Israel's outgoing government has said a flag march by Israeli nationalists through Jerusalem's Old City can happen next week pending police approval.
The event had been due to take place on 10 June, but organisers cancelled it after Israeli police rejected the proposed route through the Muslim Quarter, citing security concerns.
Palestinians see it as a provocation.
The militant group Hamas has warned the march could trigger a new round of conflict in Gaza should it proceed.
At least 256 people were killed in Gaza and 13 people were killed in Israel during 11 days of fierce fighting between Israel and Palestinian militants last month.
The violence came after weeks of spiralling Israeli-Palestinian tension which culminated on 10 May in clashes at a holy site in the Old City that is revered by both Muslims and Jews. The march was originally due to take place that day but was rerouted by Israeli authorities at the last minute and then cancelled.

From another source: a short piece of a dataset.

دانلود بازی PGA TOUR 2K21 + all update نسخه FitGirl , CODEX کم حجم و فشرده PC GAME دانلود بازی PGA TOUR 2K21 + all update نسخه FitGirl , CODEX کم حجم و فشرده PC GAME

Hamas began firing rockets into Israel after warning it to withdraw from the holy site, triggering retaliatory air strikes from Israel on targets in Gaza.
After a meeting on Tuesday, the cabinet of Israeli Prime Minister Benjamin Netanyahu said the flag march could go ahead on 15 June "in a format to be agreed between the police and the parade's organisers".
The Israeli parliament, the Knesset, is due to vote on a new government on Sunday. Mr Netanyahu, Israel's longest-serving prime minister, will be replaced after 12 years in power if the new coalition is approved.
It would then fall to the incoming government, led by the right-wing nationalist Naftali Bennett and centrist Yair Lapid, to make the final decision on whether the flag march should take place two days later.
The annual Jerusalem Day flag march marks Israel's capture of East Jerusalem - home to the Old City and its holy sites - in the 1967 Middle East War.
Hundreds of flag-waving Israeli youths usually make their way through the Muslim Quarter via Damascus Gate, chanting and singing patriotic songs.
Clarification 9th June: This article was updated to make clear that the march had been approved pending police approval.